Inaccurate prior knowledge of stochastic models and model function error will affect the accuracy of KF, and the adaptive Kalman filter (AKF) can address this problem. Mohamed et al. [28] used the innovation-based adaptive estimation (IAE) to adjust the state noise matrix or measurement noise matrix, showing that an AKF was better than KF. Chang et al. [29] applied the square of the Mahalanobis distance to detect model function error, and a fading factor was introduced to inflate the prior covariance to reduce the influence of inaccurate model functions. Jiang et al. [30] used two factors to adjust the measurement noise matrix, and a hypothesis test was introduced to avoid interference from abnormal states. Wu et al. [31] applied a two-stage function to obtain an adaptive factor, and a robust-adaptive KF was used to estimate the pedestrian heading. Li et al. [32] adaptively adjusted the measurement noise matrix according to the level of acceleration. Currently, AKF has been widely used in various fields of navigation, but is rarely applied in PDR.

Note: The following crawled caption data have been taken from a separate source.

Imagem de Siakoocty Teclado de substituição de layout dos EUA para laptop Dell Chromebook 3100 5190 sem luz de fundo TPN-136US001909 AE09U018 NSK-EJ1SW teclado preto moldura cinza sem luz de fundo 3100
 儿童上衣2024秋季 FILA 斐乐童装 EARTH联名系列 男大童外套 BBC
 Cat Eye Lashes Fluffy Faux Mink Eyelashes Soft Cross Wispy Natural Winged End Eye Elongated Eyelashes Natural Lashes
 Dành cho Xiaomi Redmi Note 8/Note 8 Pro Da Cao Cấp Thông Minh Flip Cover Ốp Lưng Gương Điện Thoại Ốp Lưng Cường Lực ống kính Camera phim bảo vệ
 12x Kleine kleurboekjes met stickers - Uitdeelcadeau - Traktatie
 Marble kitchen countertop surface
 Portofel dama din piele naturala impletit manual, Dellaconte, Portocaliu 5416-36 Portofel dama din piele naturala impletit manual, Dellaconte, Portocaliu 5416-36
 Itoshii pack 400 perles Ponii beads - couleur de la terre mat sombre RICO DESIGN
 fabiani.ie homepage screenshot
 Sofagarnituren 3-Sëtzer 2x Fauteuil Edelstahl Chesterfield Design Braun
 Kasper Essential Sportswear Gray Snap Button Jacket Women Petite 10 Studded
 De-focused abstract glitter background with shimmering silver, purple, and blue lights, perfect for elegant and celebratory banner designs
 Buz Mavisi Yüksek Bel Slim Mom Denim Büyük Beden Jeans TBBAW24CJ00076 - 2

This paper proposes a method of adaptive heading estimation. A novel heading prediction based on an autoregressive model (AR) prediction model is introduced to KF, and the current heading—determined by fusing these headings calculated by the gyroscope, obtained by the magnetometer and stored by the previous estimate—is used as the measurement of KF. Taking into account model function error and inaccurate prior noise, AKF is used to improve the accuracy of heading estimation. The change rate of the total magnetic field is used to detect its QS, and the heading calculated by gyroscope is corrected by the feedback of the estimated heading by AKF in QS. In order to intuitively and precisely express the accuracy of heading estimation, the estimated heading was used for the position estimation of PDR. Two kinematic experiments are used to verify this algorithm.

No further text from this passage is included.